Hay algún mallorquín solitario, soltero, que entiende de pájaros e injertos, que tiene “la dulce y tierna alma de la ensaimada”. Es alguien endurecido que no llora en los entierros, que ni se abraza ni besa con otros por cualquier motivo, que apenas sonríe, que entiende la amistad como un bien escaso. El publicista y escritor Ildefonso García-Serena, aragonés, barcelonés, medio isleño por decisión, retrata así, cálido, a Miquel Cuco, su amigo, en su relevante novela El hijo del doctor, que atraviesa un siglo con las aventuras de cuatro generaciones entre dos continentes. Cuco y el libro internacional es una síntesis finalista, testimonial.
Existe dispersa una generación de penúltimos mallorquines, gente que avanza hacia la nada al tiempo que se desvanece la isla que fue el país común, ordenado y entero. Esas personas generalmente se explican en sus silencios pero conocen la realidad por sus nombres y las leyendas ocultas de casi todo y de todos.
En sus ojos están las miradas de la piel de Mallorca, la biografía del paisaje y del campo ya en derrota, sus árboles que mueren de pie; sus recuerdos se basan en los detalles de sus ausentes, la mesa habitual, tradicional, materna, austera y exquisita.
Conviven según el calendario de la vida natural y las cosechas del pasado. Pocos tuvieron relación habitual con el mar y, claro está, advierten las jugadas de las figuras, los extratipos locales, fantasmas de paso, como intuyen las rutas de las nubes de las lluvias y el rolar de los vientos.
Superaron grandes crisis, del hambre, la filoxera de la viña, la gripe de 1918; sus parientes emigraron, huyeron. Ellos fueron niños víctimas, que aguantaron una guerra, décadas de dictadura con Franco y la negritud de muchos curas y monjas.

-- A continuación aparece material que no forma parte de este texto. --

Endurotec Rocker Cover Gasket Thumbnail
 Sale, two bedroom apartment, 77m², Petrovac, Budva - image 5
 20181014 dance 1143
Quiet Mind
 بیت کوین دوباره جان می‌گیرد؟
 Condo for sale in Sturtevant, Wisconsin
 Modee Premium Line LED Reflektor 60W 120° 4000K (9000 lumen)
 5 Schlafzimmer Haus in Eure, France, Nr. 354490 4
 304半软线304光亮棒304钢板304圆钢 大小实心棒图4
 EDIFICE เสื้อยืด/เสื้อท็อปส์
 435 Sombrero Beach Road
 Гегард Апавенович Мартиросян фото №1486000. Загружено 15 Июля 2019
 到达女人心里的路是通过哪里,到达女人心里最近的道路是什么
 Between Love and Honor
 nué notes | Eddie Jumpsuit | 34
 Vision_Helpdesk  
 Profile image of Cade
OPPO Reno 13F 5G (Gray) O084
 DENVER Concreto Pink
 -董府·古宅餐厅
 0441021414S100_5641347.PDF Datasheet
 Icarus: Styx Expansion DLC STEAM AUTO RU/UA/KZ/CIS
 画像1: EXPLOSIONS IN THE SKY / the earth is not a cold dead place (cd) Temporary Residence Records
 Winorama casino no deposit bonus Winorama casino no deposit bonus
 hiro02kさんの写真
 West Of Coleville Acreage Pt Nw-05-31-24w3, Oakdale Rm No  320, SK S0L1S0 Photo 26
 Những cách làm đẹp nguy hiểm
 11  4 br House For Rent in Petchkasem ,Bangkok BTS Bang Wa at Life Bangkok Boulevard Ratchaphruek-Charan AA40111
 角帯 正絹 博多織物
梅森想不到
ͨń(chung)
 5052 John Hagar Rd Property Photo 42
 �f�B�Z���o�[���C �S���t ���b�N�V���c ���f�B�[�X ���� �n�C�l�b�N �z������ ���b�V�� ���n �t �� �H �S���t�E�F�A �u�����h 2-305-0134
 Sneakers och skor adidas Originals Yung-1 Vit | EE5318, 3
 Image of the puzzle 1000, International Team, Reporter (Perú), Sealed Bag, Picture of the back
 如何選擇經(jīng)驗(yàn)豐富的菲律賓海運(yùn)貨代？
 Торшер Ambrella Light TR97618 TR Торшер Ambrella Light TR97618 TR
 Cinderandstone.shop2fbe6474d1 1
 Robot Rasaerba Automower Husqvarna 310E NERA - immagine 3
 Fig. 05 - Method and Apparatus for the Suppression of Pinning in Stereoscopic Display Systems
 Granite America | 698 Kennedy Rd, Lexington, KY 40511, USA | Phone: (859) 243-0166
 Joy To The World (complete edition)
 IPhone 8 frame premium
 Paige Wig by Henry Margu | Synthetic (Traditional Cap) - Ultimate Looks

Esos penúltimos testigos del paraíso, tópico obrado por literatos y pintores del continente, han transitado por la sociedad austera del autoconsumo, sin libertad, luz, neveras, móviles, televisiones, coches, Internet. Proceden de una vida dura igual que en la Edad Media, para ellos la ensaimada representaba un acontecimiento festivo, esporádico. Y han entrado en el siglo XXI con el vértigo de la opulencia aparente y, por ejemplo, con la ensaimada vulgarizada.